Charles Lewis, executive editor of the Investigative Reporting Workshop at American University’s School of Communication, was a fellow with Carroll at Harvard University’s Shorenstein Center on Media, Politics and Public Policy and served with him on the News Literacy Project’s founding board.
“It was an honor for me to know and work with him,” Lewis said. “I was, and I always will be, in awe of his wisdom, his judgment and his generous spirit and friendship.”
Carroll joined NLP in late 2007 as one of its first two board members and was elected board chair on Jan. 1, 2011. He skillfully, tirelessly and selflessly led the board and NLP through a period of dramatic success and growth before stepping down on Dec. 31, 2014.

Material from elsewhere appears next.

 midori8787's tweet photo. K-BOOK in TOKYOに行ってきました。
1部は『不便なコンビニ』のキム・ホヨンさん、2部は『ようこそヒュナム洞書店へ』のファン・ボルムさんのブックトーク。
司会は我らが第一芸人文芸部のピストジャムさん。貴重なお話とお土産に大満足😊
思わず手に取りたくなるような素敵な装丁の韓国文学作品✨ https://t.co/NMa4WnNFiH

“For me, being chair has been an education and a privilege,” Carroll said. “We’ve demonstrated the value of news literacy and the ways it can be taught. Having done so on a retail basis, we’re going to make the training available digitally at no cost to any school that asks for it. If we’re successful — and I’m confident that we will be — we stand to reach hundreds of thousands, and perhaps millions, of young people with training that will be good both for them and for society.”

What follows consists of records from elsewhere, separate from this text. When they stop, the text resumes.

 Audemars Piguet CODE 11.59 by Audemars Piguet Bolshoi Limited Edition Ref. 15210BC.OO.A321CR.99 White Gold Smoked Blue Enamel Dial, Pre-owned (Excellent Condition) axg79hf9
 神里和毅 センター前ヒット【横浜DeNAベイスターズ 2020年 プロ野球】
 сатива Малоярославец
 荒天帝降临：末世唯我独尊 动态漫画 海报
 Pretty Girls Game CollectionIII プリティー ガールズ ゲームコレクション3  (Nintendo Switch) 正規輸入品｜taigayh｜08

He remained a member of NLP’s board until his death.
Gwen Ifill, co-anchor and co-managing editor of PBS NewsHour, host of Washington Week and a member of NLP’s board since 2011, said at Carroll’s final meeting in December, “We would not have launched this successful project without the credibility that the name ‘John Carroll’ brings to the business. We couldn’t even have dreamt of being in this position.”
Miller, who as an investigative reporter at the Los Angeles Times worked closely with Carroll — and won a Pulitzer Prize— before recruiting him to the NLP board, called him “a role model, a mentor, a remarkable friend and one of the finest human beings I’ve ever known. The example John set and the lessons he taught us will live on with scores of journalists and friends and former colleagues.”
In fact, the editors of The New York Times, the Los Angeles Times and The Philadelphia Inquirer and the managing editor of the Houston Chronicle all worked for Carroll at some point in their careers.
Vernon Loeb, the Chronicle’s managing editor, said, “We must carry on in his memory, and with his inspiration. I’ll never forget his counsel: ‘Write about life and death.’ Or the great line in his [National Press Foundation] Editor of the Year acceptance speech: ‘In a free society, there is no mightier sword than the written word.’”
Lee Carroll has asked that in lieu of flowers, that donations be made to either NLP or the John S. Carroll Endowed Scholarship at Alice Lloyd College in Pippa Passes, Kentucky.
All proceeds to NLP will go to the John S. Carroll Memorial Fund, which will support underserved high school students enrolled in the project’s programs.